**ACTION ITEM**. Apart from the pictures, everything in the lines below must be printed exactly.

---- GIVEN DATA

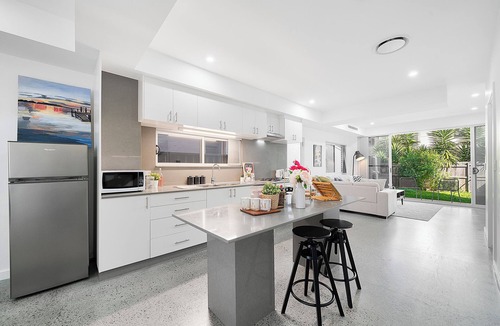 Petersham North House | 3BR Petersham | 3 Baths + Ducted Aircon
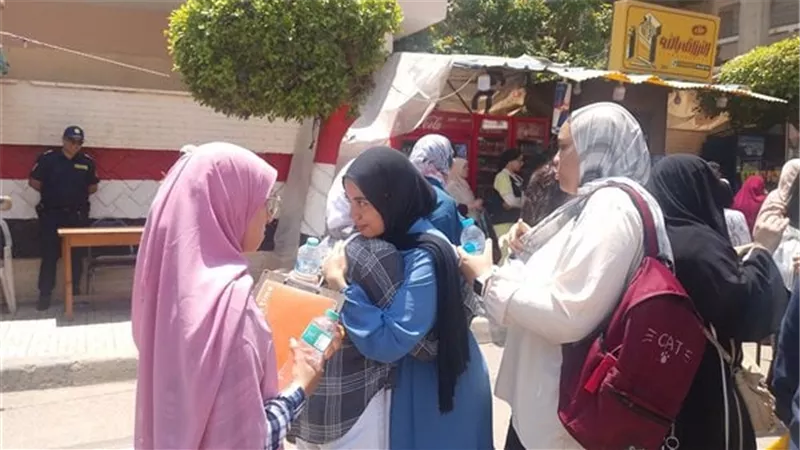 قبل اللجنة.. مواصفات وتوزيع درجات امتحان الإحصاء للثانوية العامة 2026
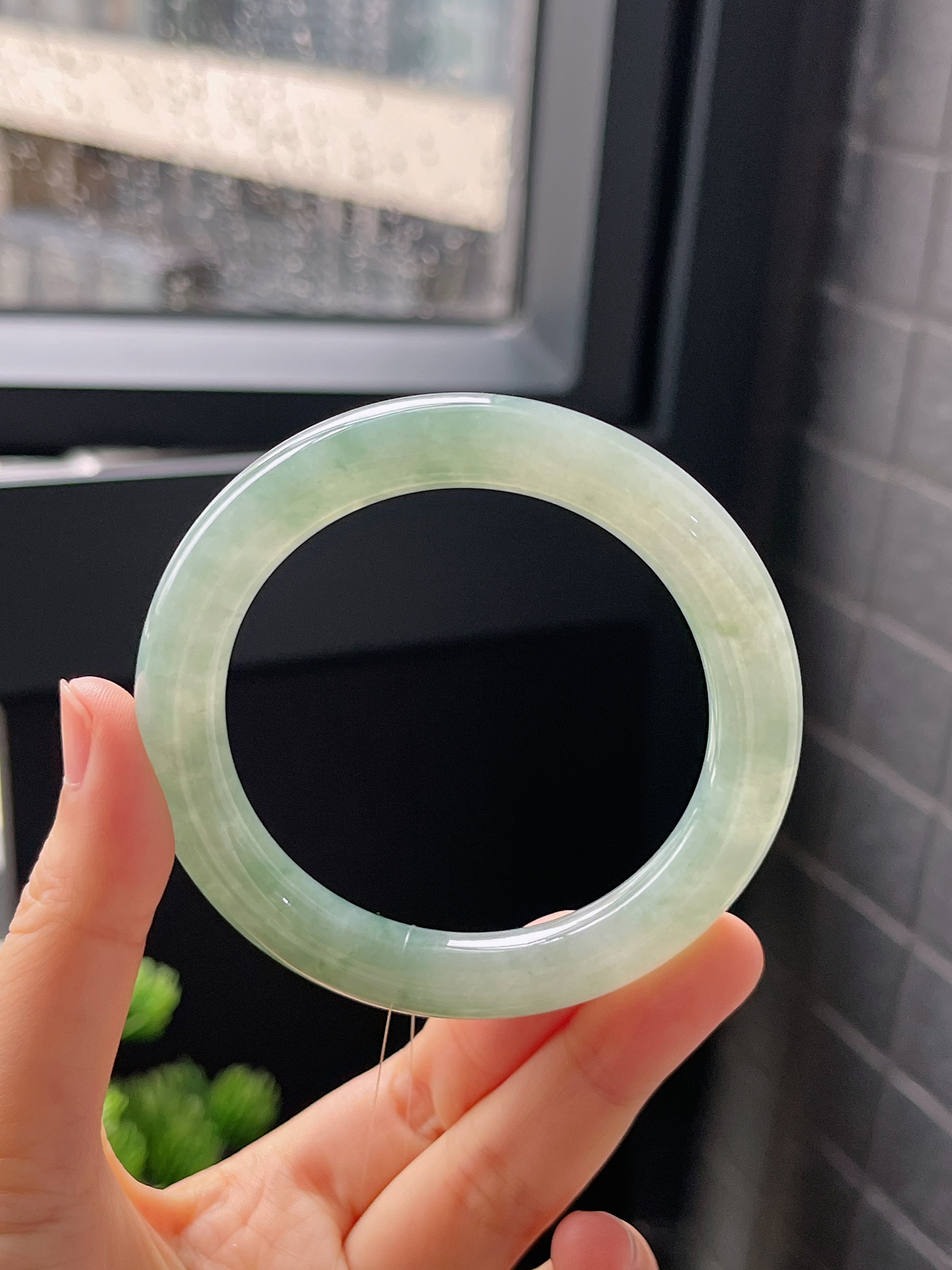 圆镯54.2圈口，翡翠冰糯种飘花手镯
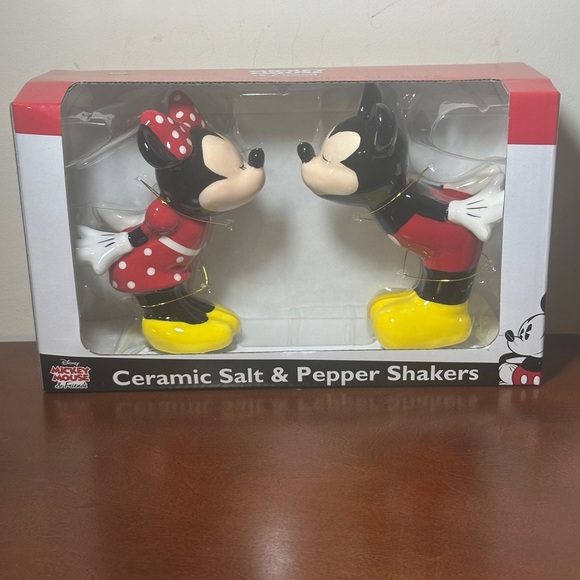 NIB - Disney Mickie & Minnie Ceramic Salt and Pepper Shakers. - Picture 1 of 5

--------

**YOUR SOLUTION**.
 Petersham North House | 3BR Petersham | 3 Baths + Ducted Aircon
 قبل اللجنة.. مواصفات وتوزيع درجات امتحان الإحصاء للثانوية العامة 2026
 圆镯54.2圈口，翡翠冰糯种飘花手镯
 NIB - Disney Mickie & Minnie Ceramic Salt and Pepper Shakers. - Picture 1 of 5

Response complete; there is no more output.